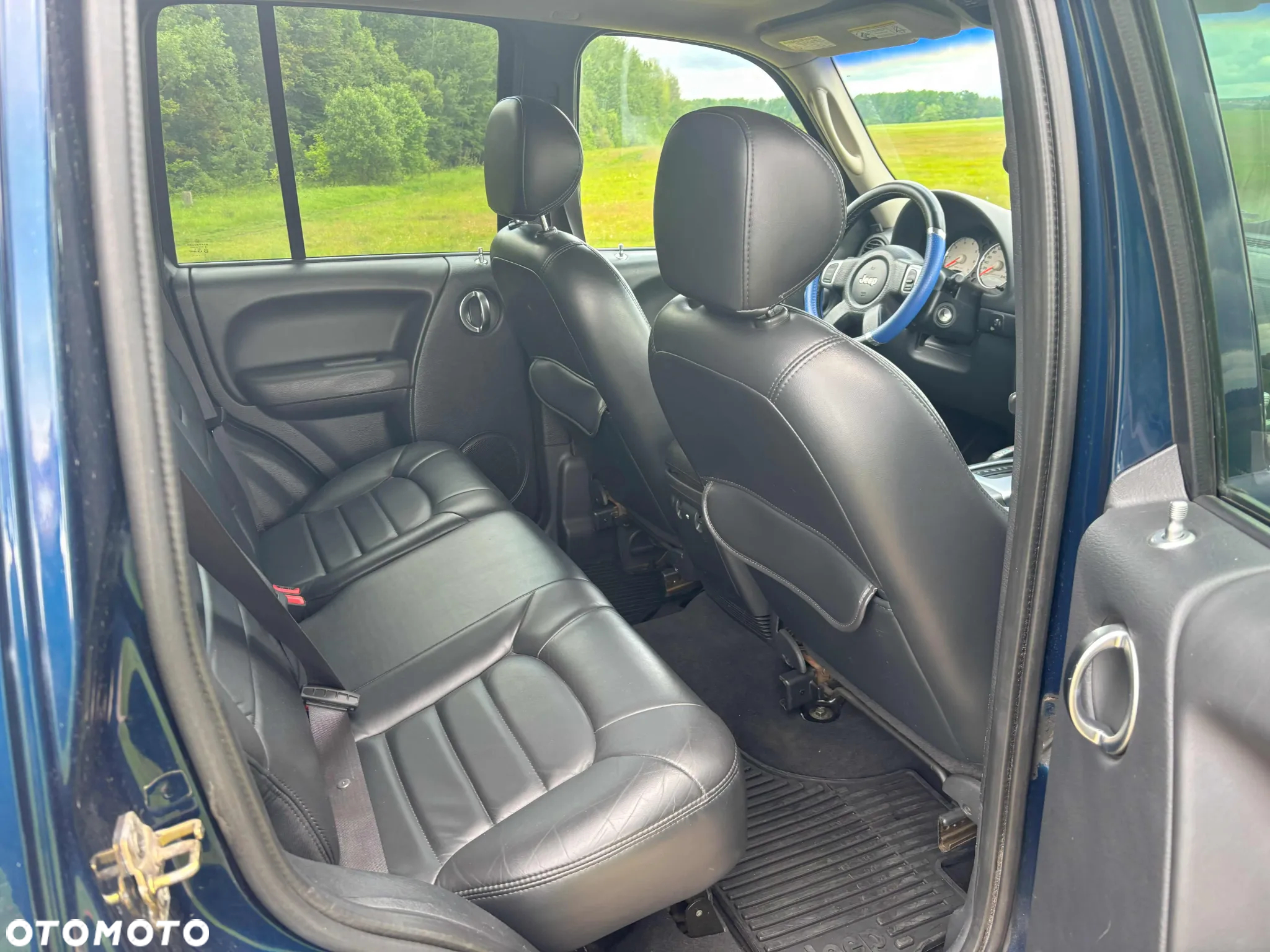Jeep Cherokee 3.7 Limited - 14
* * *
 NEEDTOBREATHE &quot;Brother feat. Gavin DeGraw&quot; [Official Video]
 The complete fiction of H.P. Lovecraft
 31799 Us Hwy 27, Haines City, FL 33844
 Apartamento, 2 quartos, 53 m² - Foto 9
--
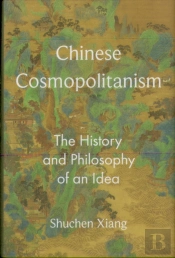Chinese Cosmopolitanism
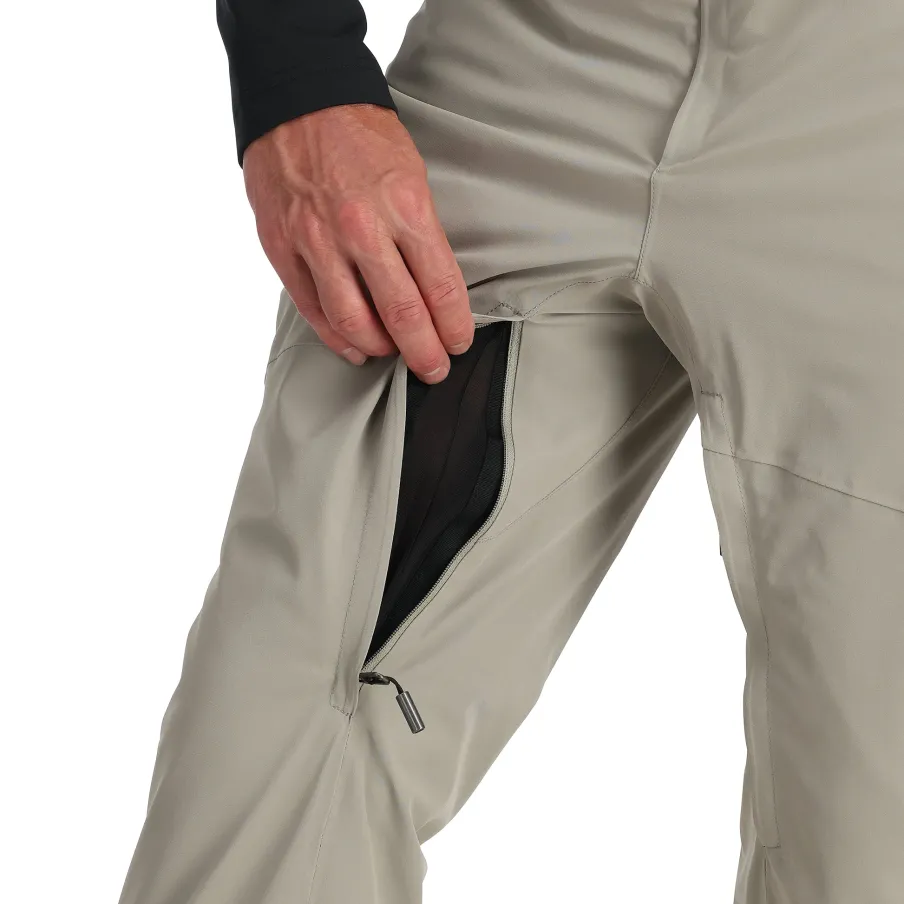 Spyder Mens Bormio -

### What is expected
Starting with the line that holds "The complete fiction of H.P. Lovecraft" and ending with the line that holds "Apartamento, 2 quartos, 53 m² - Foto 9", retype every line in the data above exactly, and nothing else.

### Output for this exercise
 The complete fiction of H.P. Lovecraft
 31799 Us Hwy 27, Haines City, FL 33844
 Apartamento, 2 quartos, 53 m² - Foto 9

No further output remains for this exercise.